— INPUT MATERIAL —
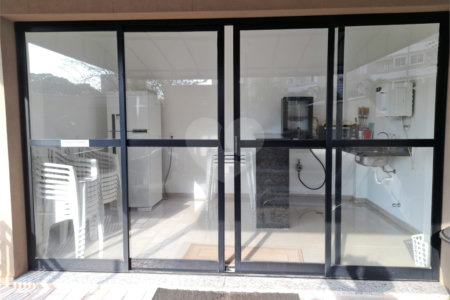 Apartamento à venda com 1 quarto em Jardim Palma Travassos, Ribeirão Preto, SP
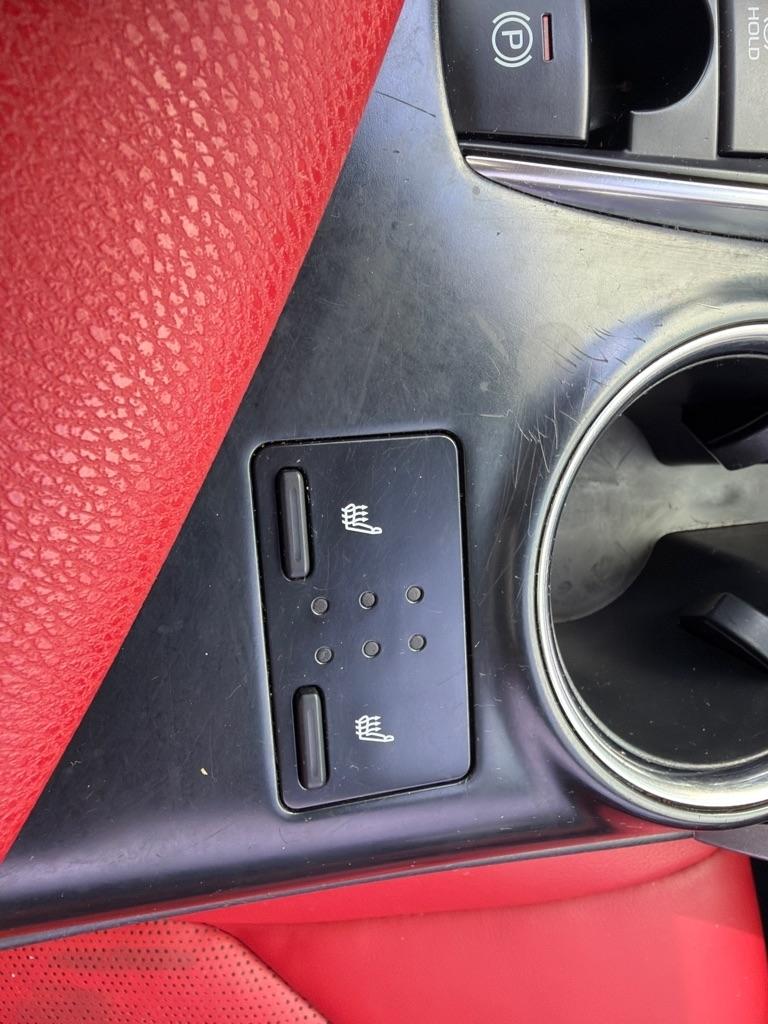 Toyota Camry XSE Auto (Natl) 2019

--

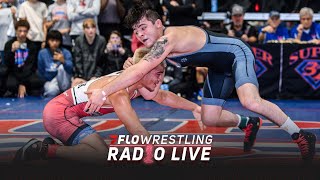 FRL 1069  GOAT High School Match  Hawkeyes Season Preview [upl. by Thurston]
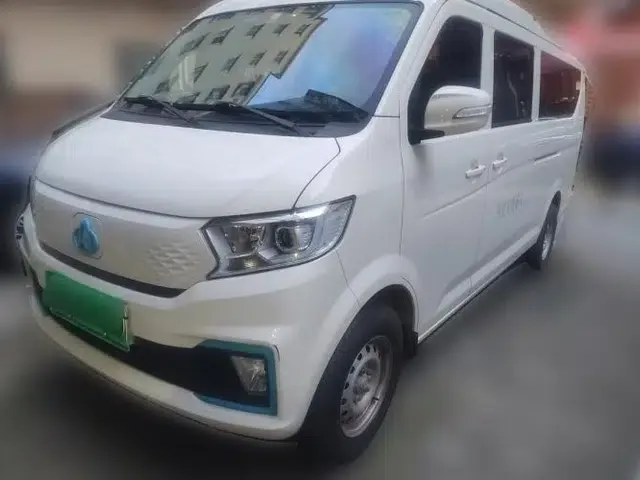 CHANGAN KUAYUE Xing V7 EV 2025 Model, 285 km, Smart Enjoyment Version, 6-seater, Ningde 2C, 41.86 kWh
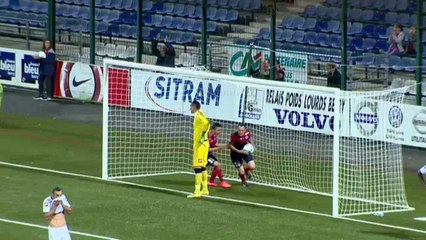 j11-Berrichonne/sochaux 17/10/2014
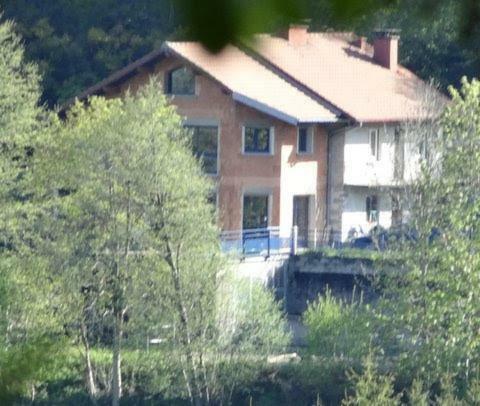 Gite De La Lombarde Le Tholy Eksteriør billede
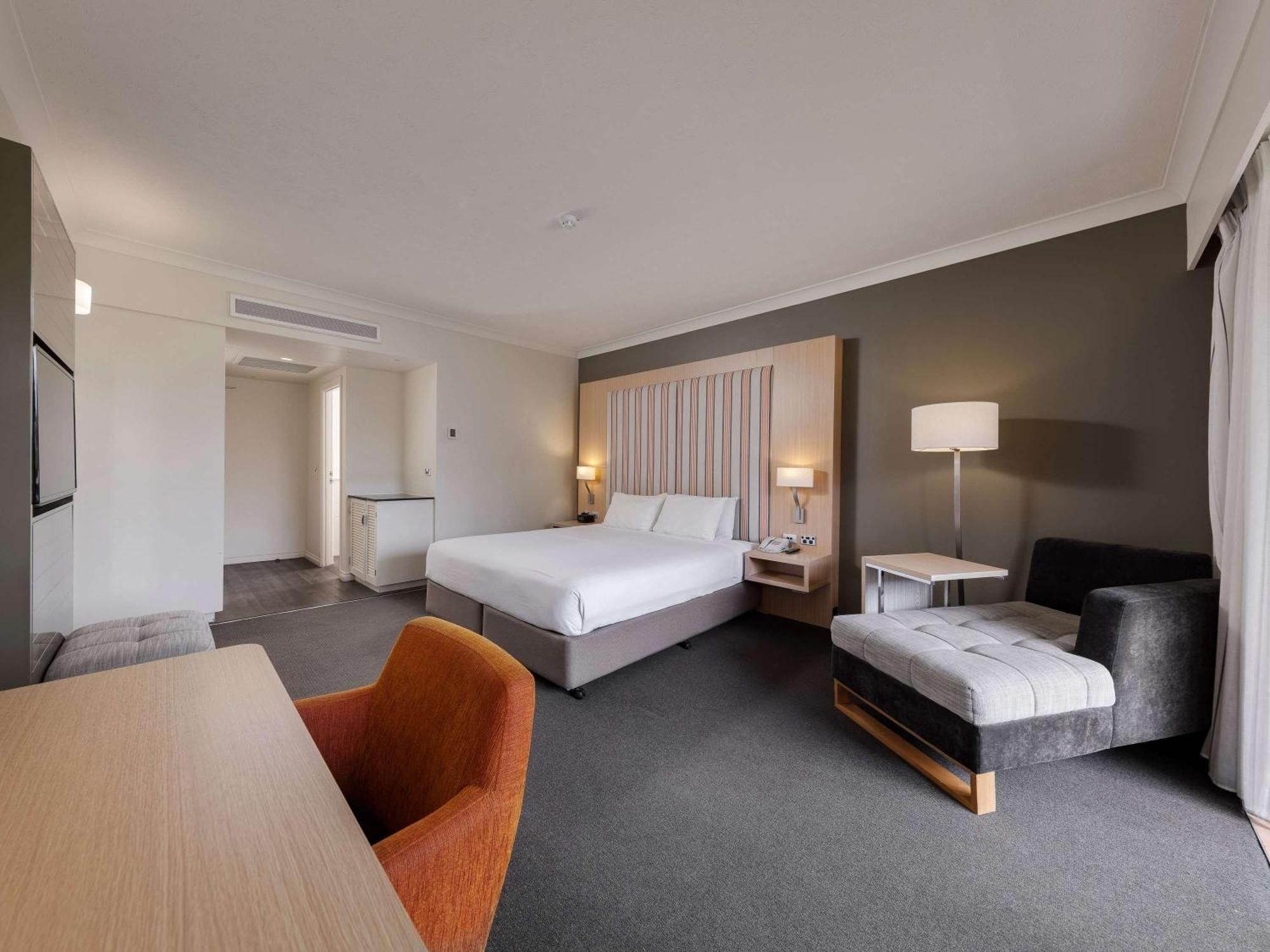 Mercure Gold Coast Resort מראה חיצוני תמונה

— YOUR TASK —
Your answer should be the exact lines above from the one containing "j11-Berrichonne/sochaux 17/10/2014" through the one containing "Mercure Gold Coast Resort מראה חיצוני תמונה", with both end lines kept and the pictures removed, please.

— WRITTEN RESPONSE —
 j11-Berrichonne/sochaux 17/10/2014
 Gite De La Lombarde Le Tholy Eksteriør billede
 Mercure Gold Coast Resort מראה חיצוני תמונה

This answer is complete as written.